This notebook goes through various machine learning techniques such as Random Forest and LightGBM to predict whether a customer would churn. The best roc-auc score models' hyperparameters were tuned in an attempt to get better evaluation metrics.
In this project, I aim to perform a comprehensive exploratory data analysis (EDA) on a credit card dataset, using visualization techniques. Through univariate and bivariate analyses, I aim to extract valuable insights from the data that will reveal the behavior of customers who have churned. By understanding these patterns, we can provide better services to these customers and potentially reverse their decisions. Additionally, I intend to use this data to build a model that predicts customer churn the bank can use to reduce customer churn.
The dataset consists of information on 10,000 customers, including their age, salary, marital status, credit card limit, credit card category, etc. Only 16.07% of customers have churned, thus the dataset has a class imbalance. In order to increase predictive and classification efficacy of the models, techiques such as oversampling the training set was applied.
The main objective in this business scenario is to recognize clients who are at risk of churning. In the event that we inaccurately forecast a non-churning client as churned, it will not have significant negative impacts on our business. However, if we incorrectly predict a churning customer as non-churning, it could have detrimental consequences. Therefore, in order to prevent such situations, it is crucial to ensure a high recall score (true positives divided by true positives plus false negatives).
Check out the notebook for this project here
The LGBM Classifier model was the best in its churn prediction with its ROC-AUC Score: 94 and Precision, Recall and F1 scores being 0.95 ,0.97,0.96.
However it should be noted that besides the Logistic Regression model, all the applied ML models had great scores for f1, precision and recall.

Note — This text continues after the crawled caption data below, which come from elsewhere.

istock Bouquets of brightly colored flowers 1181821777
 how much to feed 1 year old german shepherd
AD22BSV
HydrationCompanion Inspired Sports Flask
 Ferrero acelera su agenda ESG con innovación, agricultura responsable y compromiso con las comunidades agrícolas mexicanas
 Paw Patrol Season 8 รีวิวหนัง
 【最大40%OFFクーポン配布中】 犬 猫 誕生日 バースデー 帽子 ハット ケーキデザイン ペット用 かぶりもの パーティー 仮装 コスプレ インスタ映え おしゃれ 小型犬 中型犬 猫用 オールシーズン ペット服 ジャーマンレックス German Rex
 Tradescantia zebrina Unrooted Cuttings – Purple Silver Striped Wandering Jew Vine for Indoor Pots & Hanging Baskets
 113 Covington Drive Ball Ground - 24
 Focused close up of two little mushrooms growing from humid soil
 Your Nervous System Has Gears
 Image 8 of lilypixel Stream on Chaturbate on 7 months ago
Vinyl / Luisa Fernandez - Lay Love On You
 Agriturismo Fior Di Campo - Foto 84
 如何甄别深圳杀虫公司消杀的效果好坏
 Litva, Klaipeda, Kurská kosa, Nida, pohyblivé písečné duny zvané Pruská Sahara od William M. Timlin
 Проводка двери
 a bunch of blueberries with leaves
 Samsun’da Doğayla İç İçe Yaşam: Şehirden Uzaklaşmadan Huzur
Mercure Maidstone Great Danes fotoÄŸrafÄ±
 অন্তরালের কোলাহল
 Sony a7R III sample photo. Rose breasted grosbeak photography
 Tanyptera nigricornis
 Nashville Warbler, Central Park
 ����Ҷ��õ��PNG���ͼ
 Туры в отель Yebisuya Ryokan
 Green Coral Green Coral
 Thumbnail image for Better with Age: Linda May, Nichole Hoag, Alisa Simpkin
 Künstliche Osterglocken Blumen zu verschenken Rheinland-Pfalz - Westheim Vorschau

LGBM was chosen for its slightly higher roc-auc score although Random Forest Classifier had a higher recall score.
Features importance when it comes to predicting customer churn were as follows: Surprising most categorical features such as age and gender or credit card type were less important in determing credit card customer churn. The most significantly important feature was total transaction amount which had almost twice the importance value of the next most important feature.